El 9 de mayo de 1967, Favaloro realizó la primera operación exitosa de bypass, ante una enfermedad que hasta ese momento se cobraba más de medio millón de vidas al año sólo en Estados Unidos y marcó ese día como uno de los más importantes de la historia de la cardiología mundial. Sin embargo, después de catorce intervenciones llegó a la conclusión de que el método tenía sus limitaciones y debía perfeccionarlo. En la intervención número quince logró anteponerse a la zona obstruida con otro conducto y consiguió sacar sangre nueva y fresca directamente desde la arteria aorta, que sale del corazón. A esa técnica —el puente aortocoronario—, que a principios del siglo pasado el investigador y médico francés Alexis Carrel había probado en animales y Favaloro se encargó de perfeccionar, se le conoció en todo el mundo como «bypass Favaloro». Él lo explicaba así: «Aquel día me sentí como si fuera un plomero que entraba a una casa donde los caños estaban tapados. Puse caños nuevos y, de pronto, un torrente de linda sangre oxigenada fluyó al corazón».

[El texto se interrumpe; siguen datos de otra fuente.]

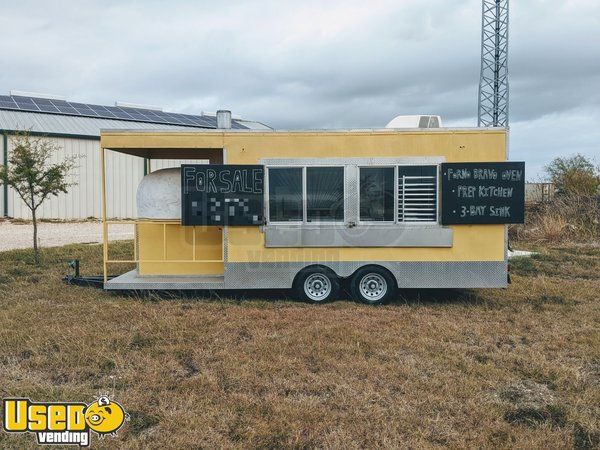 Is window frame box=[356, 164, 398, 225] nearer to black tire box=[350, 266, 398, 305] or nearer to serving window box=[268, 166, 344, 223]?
serving window box=[268, 166, 344, 223]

En 1968, la Cleveland Clinic comenzó aplicar el bypass en forma sistemática. Un año después, las operaciones de bypass llegaron a quinientas setenta. Favaloro transmitió su experiencia en congresos a los que concurrían cardiólogos de todo el mundo y editó un libro, Tratamiento quirúrgico de la arteriosclerosis coronaria, que fue traducido a varios idiomas.
Aunque la técnica del bypass no había sido su idea primigenia, el mérito de Favaloro fue esforzarse por perfeccionarla, salvarla de todos sus defectos y realizarla en reiteradas ocasiones hasta conseguir su estandarización a nivel mundial.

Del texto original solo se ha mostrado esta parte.